**The problem**
Set down, word for word, the line with "Popular Fashion Bucket" and the lines after it through the final line of the data below, without pictures.

**Provided information**
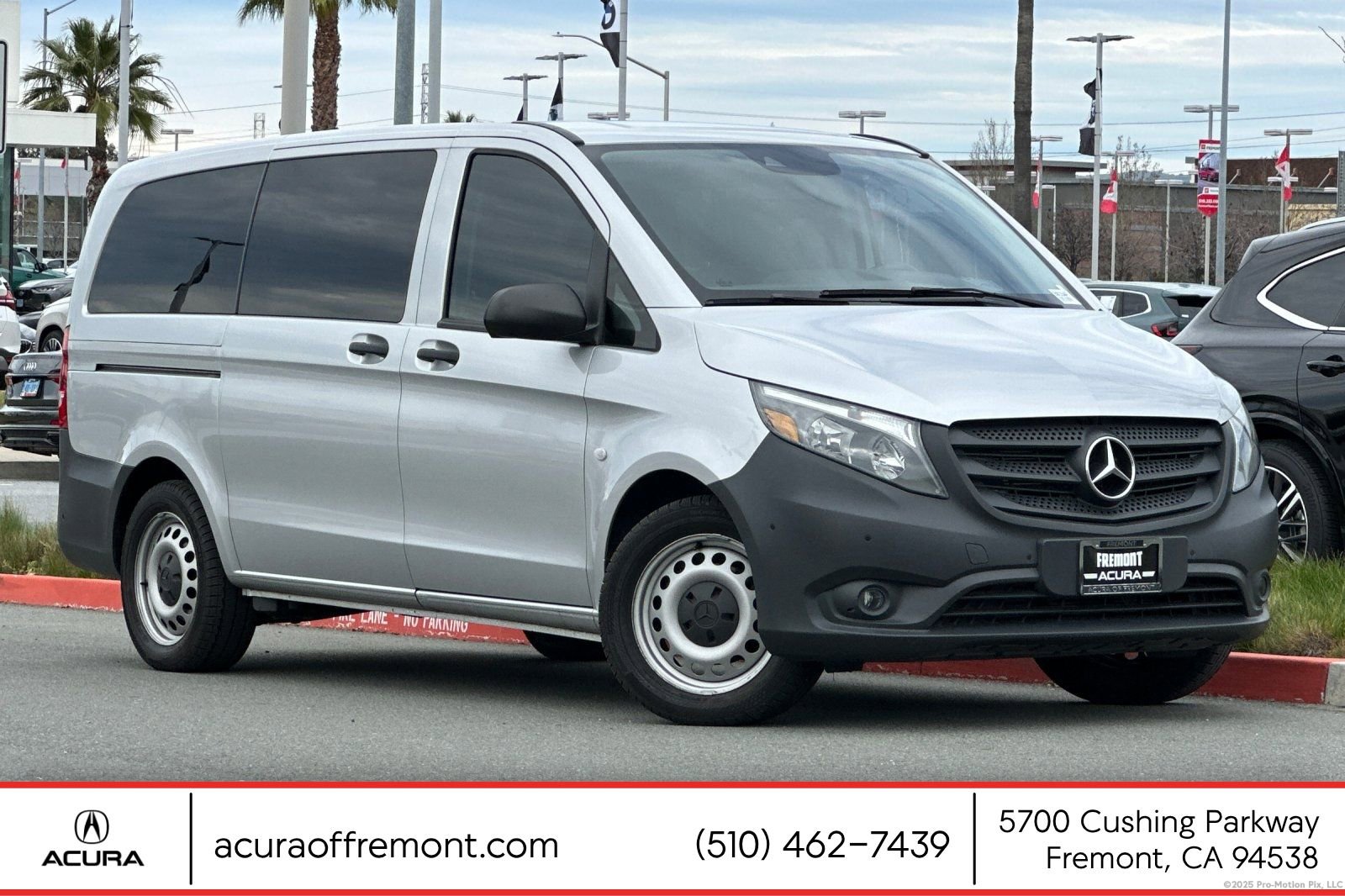 Used 2016 Mercedes-Benz Metris Passenger image 1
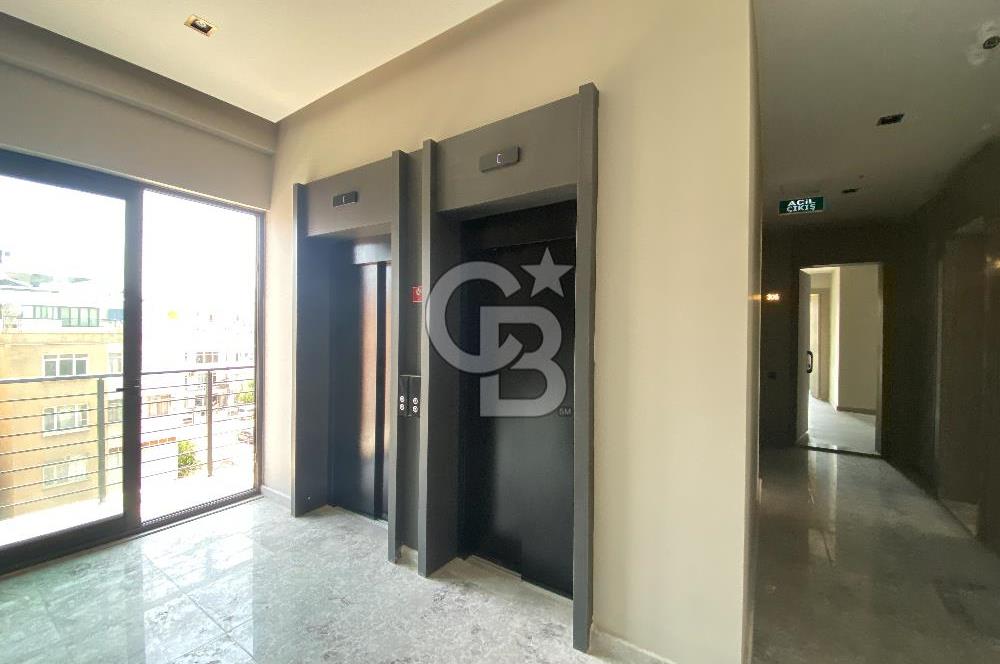 Yenişehir  Pozcu Centrium İş Merkezi  3+1 Satılık Ofis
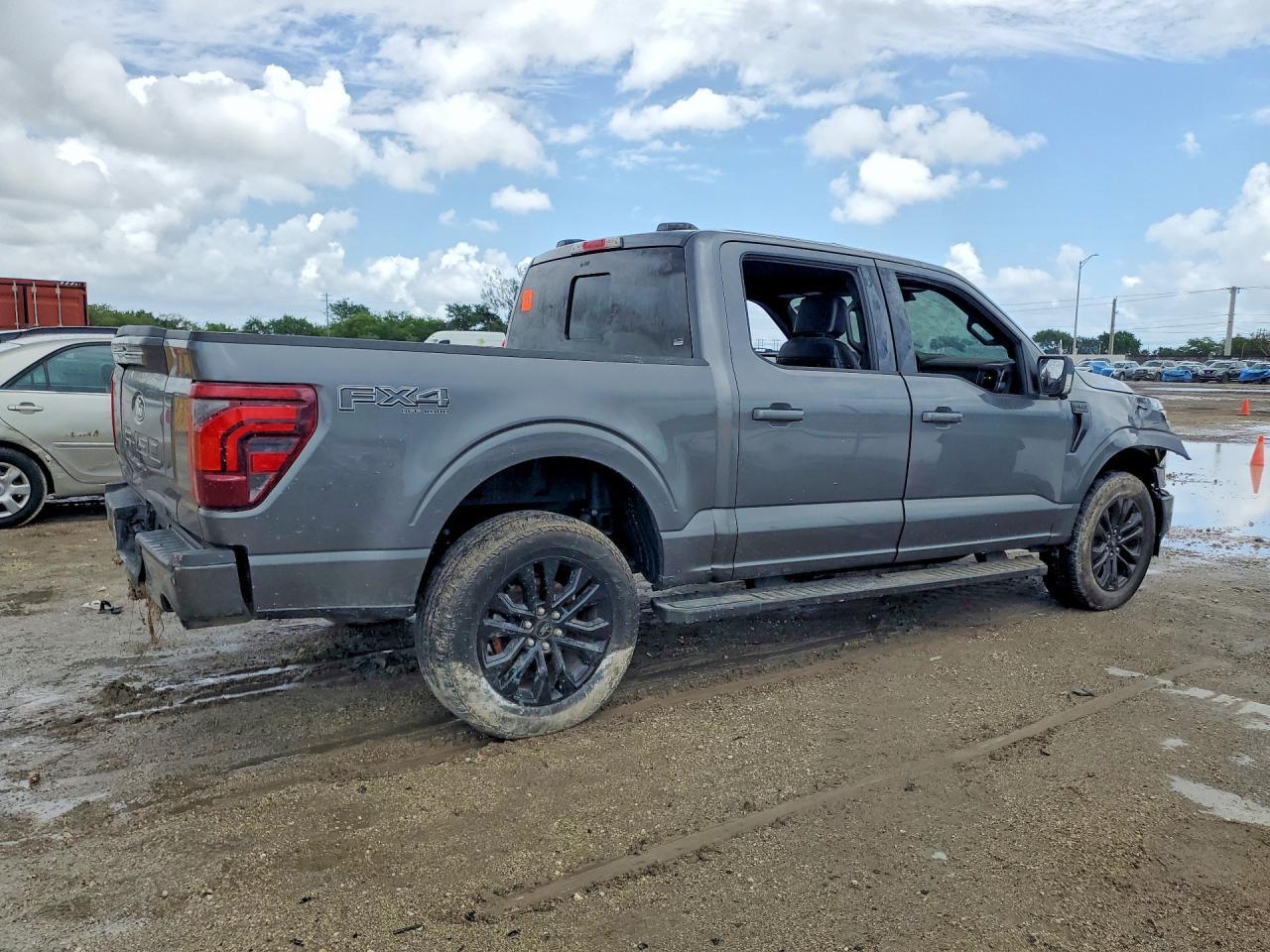 2024 Ford F150 Lariat - Image 3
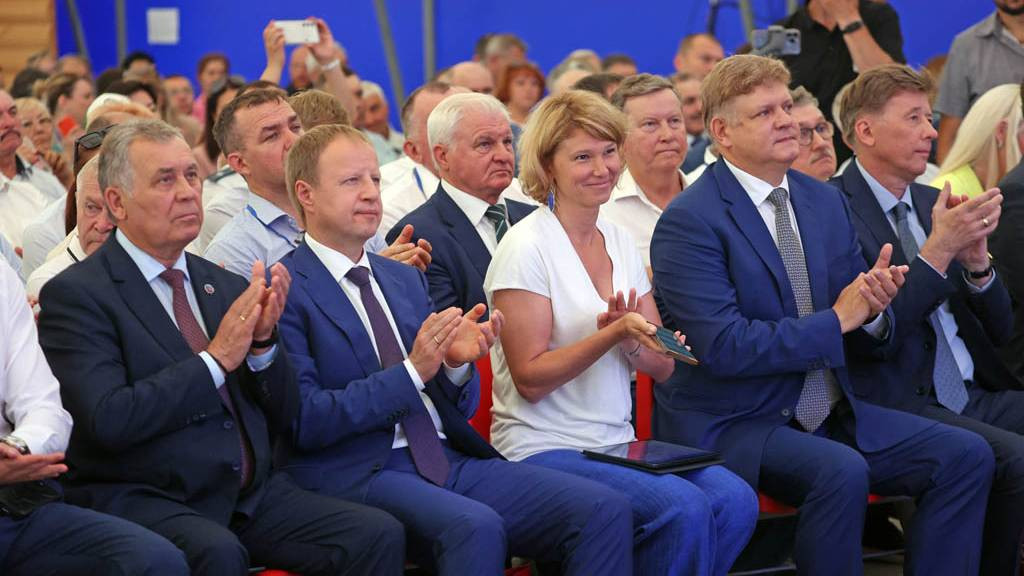 Санкции и перспективы. Участники «Дня Сибирского поля» обменялись мнениями Фото №1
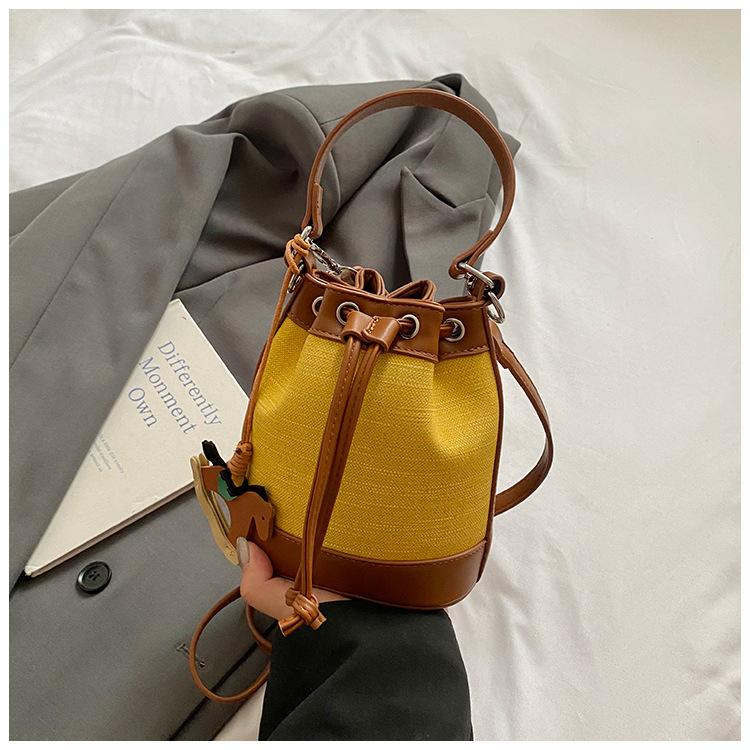 Popular Fashion Bucket Bag 2025 New Trendy Niche Design Single Shoulder Oblique Bag High-end Portable Women's Bag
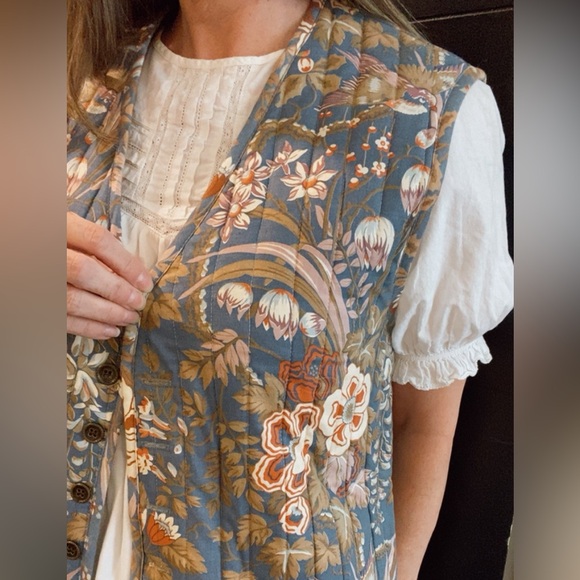 Vintage 70s quilted vest - Picture 3 of 8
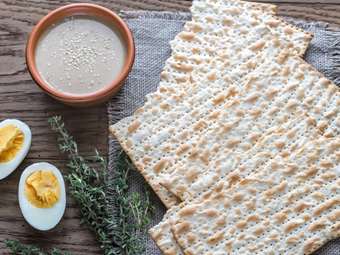 Γιατί τα σνακ δεν καταλαβαίνουν από ακρίβεια - Κερδισμένοι και χαμένοι στην αγορά του 1,5 δισ.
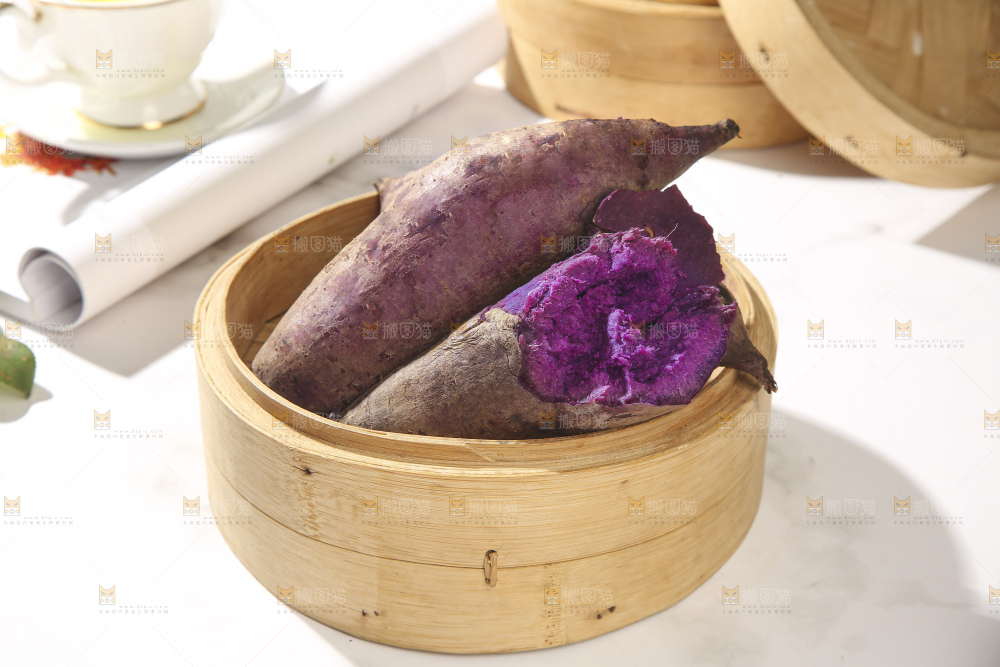 浅底上的板栗紫薯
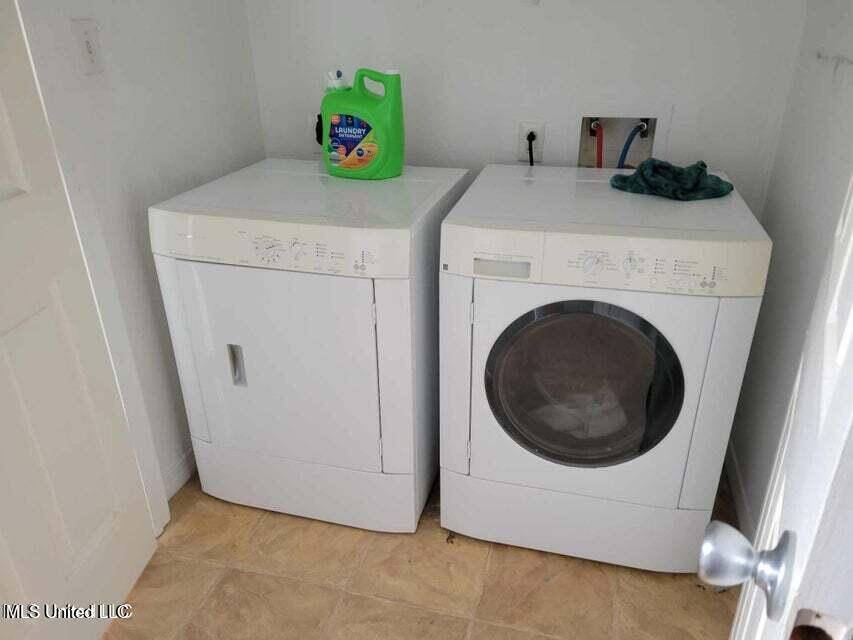 265 Benachi Avenue Property Photo 9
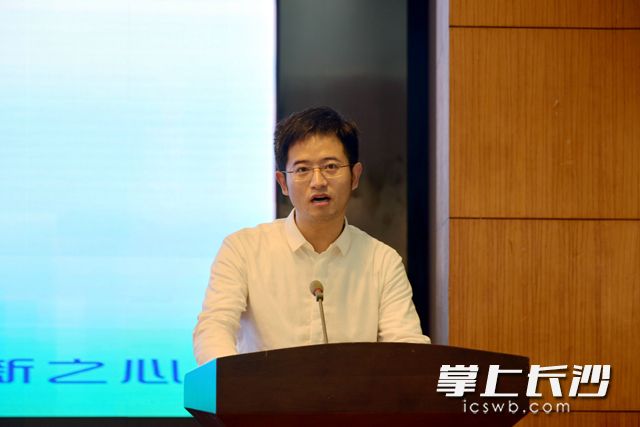 酷哇机器人创始人兼ceo何弢表示,对接下来的合作充满期待。周秋燕 摄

**Answer section**
 Popular Fashion Bucket Bag 2025 New Trendy Niche Design Single Shoulder Oblique Bag High-end Portable Women's Bag
 Vintage 70s quilted vest - Picture 3 of 8
 Γιατί τα σνακ δεν καταλαβαίνουν από ακρίβεια - Κερδισμένοι και χαμένοι στην αγορά του 1,5 δισ.
 浅底上的板栗紫薯
 265 Benachi Avenue Property Photo 9
 酷哇机器人创始人兼ceo何弢表示,对接下来的合作充满期待。周秋燕 摄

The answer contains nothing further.